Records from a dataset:
________________

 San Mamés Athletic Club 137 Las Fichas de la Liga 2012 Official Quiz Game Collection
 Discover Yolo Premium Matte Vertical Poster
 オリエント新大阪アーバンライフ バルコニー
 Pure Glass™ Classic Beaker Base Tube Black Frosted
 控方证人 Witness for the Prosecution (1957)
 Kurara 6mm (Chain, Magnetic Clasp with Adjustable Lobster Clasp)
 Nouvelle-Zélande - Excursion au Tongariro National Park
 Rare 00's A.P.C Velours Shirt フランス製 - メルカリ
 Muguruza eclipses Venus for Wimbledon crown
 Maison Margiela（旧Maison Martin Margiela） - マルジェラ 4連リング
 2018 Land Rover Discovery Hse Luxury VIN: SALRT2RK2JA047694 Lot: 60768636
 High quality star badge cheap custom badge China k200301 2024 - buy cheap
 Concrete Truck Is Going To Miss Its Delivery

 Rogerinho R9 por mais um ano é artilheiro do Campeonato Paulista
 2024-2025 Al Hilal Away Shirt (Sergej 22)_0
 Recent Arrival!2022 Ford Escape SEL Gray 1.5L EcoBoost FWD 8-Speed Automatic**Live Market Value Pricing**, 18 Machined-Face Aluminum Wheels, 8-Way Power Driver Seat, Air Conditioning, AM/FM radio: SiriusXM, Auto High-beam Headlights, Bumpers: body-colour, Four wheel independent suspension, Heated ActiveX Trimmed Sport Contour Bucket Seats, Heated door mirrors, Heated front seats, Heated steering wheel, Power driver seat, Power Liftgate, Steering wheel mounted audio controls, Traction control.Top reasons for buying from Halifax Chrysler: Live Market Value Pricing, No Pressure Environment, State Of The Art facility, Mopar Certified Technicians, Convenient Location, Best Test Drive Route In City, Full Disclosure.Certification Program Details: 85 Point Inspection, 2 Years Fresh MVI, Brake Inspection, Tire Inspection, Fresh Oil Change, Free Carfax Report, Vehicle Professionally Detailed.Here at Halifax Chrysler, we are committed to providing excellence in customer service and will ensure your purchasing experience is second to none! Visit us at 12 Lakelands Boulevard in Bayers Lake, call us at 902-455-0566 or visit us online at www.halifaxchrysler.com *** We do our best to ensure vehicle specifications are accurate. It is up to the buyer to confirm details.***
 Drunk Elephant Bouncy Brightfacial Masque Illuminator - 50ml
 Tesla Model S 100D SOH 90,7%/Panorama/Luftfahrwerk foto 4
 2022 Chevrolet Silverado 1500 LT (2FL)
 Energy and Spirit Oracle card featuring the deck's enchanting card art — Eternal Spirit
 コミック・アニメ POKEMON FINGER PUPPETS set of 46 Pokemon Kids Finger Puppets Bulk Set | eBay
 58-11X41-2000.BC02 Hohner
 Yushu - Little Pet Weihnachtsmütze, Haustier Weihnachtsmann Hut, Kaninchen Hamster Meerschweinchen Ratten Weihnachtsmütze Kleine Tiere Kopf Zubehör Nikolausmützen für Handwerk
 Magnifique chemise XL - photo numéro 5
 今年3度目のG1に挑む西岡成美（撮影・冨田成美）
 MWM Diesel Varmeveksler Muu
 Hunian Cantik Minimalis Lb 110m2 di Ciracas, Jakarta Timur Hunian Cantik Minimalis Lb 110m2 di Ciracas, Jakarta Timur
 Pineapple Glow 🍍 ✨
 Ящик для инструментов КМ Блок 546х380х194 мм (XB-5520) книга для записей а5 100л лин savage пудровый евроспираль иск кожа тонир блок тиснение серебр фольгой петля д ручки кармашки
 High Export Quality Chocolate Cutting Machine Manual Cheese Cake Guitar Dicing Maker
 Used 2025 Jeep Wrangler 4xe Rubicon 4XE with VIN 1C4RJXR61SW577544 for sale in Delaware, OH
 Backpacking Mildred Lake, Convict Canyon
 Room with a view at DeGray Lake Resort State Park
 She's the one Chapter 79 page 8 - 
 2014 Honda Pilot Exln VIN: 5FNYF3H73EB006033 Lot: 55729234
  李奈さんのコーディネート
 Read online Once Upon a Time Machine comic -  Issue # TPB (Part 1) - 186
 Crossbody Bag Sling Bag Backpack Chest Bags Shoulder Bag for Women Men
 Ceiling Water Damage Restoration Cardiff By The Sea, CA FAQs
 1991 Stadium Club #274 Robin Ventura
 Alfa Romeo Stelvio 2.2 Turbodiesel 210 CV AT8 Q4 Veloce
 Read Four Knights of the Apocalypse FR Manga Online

________________

_WORK TASK_: The answer must be every entry, reproduced exactly.

_FINISHED EXERCISE_:
 San Mamés Athletic Club 137 Las Fichas de la Liga 2012 Official Quiz Game Collection
 Discover Yolo Premium Matte Vertical Poster
 オリエント新大阪アーバンライフ バルコニー
 Pure Glass™ Classic Beaker Base Tube Black Frosted
 控方证人 Witness for the Prosecution (1957)
 Kurara 6mm (Chain, Magnetic Clasp with Adjustable Lobster Clasp)
 Nouvelle-Zélande - Excursion au Tongariro National Park
 Rare 00's A.P.C Velours Shirt フランス製 - メルカリ
 Muguruza eclipses Venus for Wimbledon crown
 Maison Margiela（旧Maison Martin Margiela） - マルジェラ 4連リング
 2018 Land Rover Discovery Hse Luxury VIN: SALRT2RK2JA047694 Lot: 60768636
 High quality star badge cheap custom badge China k200301 2024 - buy cheap
 Concrete Truck Is Going To Miss Its Delivery

 Rogerinho R9 por mais um ano é artilheiro do Campeonato Paulista
 2024-2025 Al Hilal Away Shirt (Sergej 22)_0
 Recent Arrival!2022 Ford Escape SEL Gray 1.5L EcoBoost FWD 8-Speed Automatic**Live Market Value Pricing**, 18 Machined-Face Aluminum Wheels, 8-Way Power Driver Seat, Air Conditioning, AM/FM radio: SiriusXM, Auto High-beam Headlights, Bumpers: body-colour, Four wheel independent suspension, Heated ActiveX Trimmed Sport Contour Bucket Seats, Heated door mirrors, Heated front seats, Heated steering wheel, Power driver seat, Power Liftgate, Steering wheel mounted audio controls, Traction control.Top reasons for buying from Halifax Chrysler: Live Market Value Pricing, No Pressure Environment, State Of The Art facility, Mopar Certified Technicians, Convenient Location, Best Test Drive Route In City, Full Disclosure.Certification Program Details: 85 Point Inspection, 2 Years Fresh MVI, Brake Inspection, Tire Inspection, Fresh Oil Change, Free Carfax Report, Vehicle Professionally Detailed.Here at Halifax Chrysler, we are committed to providing excellence in customer service and will ensure your purchasing experience is second to none! Visit us at 12 Lakelands Boulevard in Bayers Lake, call us at 902-455-0566 or visit us online at www.halifaxchrysler.com *** We do our best to ensure vehicle specifications are accurate. It is up to the buyer to confirm details.***
 Drunk Elephant Bouncy Brightfacial Masque Illuminator - 50ml
 Tesla Model S 100D SOH 90,7%/Panorama/Luftfahrwerk foto 4
 2022 Chevrolet Silverado 1500 LT (2FL)
 Energy and Spirit Oracle card featuring the deck's enchanting card art — Eternal Spirit
 コミック・アニメ POKEMON FINGER PUPPETS set of 46 Pokemon Kids Finger Puppets Bulk Set | eBay
 58-11X41-2000.BC02 Hohner
 Yushu - Little Pet Weihnachtsmütze, Haustier Weihnachtsmann Hut, Kaninchen Hamster Meerschweinchen Ratten Weihnachtsmütze Kleine Tiere Kopf Zubehör Nikolausmützen für Handwerk
 Magnifique chemise XL - photo numéro 5
 今年3度目のG1に挑む西岡成美（撮影・冨田成美）
 MWM Diesel Varmeveksler Muu
 Hunian Cantik Minimalis Lb 110m2 di Ciracas, Jakarta Timur Hunian Cantik Minimalis Lb 110m2 di Ciracas, Jakarta Timur
 Pineapple Glow 🍍 ✨
 Ящик для инструментов КМ Блок 546х380х194 мм (XB-5520) книга для записей а5 100л лин savage пудровый евроспираль иск кожа тонир блок тиснение серебр фольгой петля д ручки кармашки
 High Export Quality Chocolate Cutting Machine Manual Cheese Cake Guitar Dicing Maker
 Used 2025 Jeep Wrangler 4xe Rubicon 4XE with VIN 1C4RJXR61SW577544 for sale in Delaware, OH
 Backpacking Mildred Lake, Convict Canyon
 Room with a view at DeGray Lake Resort State Park
 She's the one Chapter 79 page 8 - 
 2014 Honda Pilot Exln VIN: 5FNYF3H73EB006033 Lot: 55729234
  李奈さんのコーディネート
 Read online Once Upon a Time Machine comic -  Issue # TPB (Part 1) - 186
 Crossbody Bag Sling Bag Backpack Chest Bags Shoulder Bag for Women Men
 Ceiling Water Damage Restoration Cardiff By The Sea, CA FAQs
 1991 Stadium Club #274 Robin Ventura
 Alfa Romeo Stelvio 2.2 Turbodiesel 210 CV AT8 Q4 Veloce
 Read Four Knights of the Apocalypse FR Manga Online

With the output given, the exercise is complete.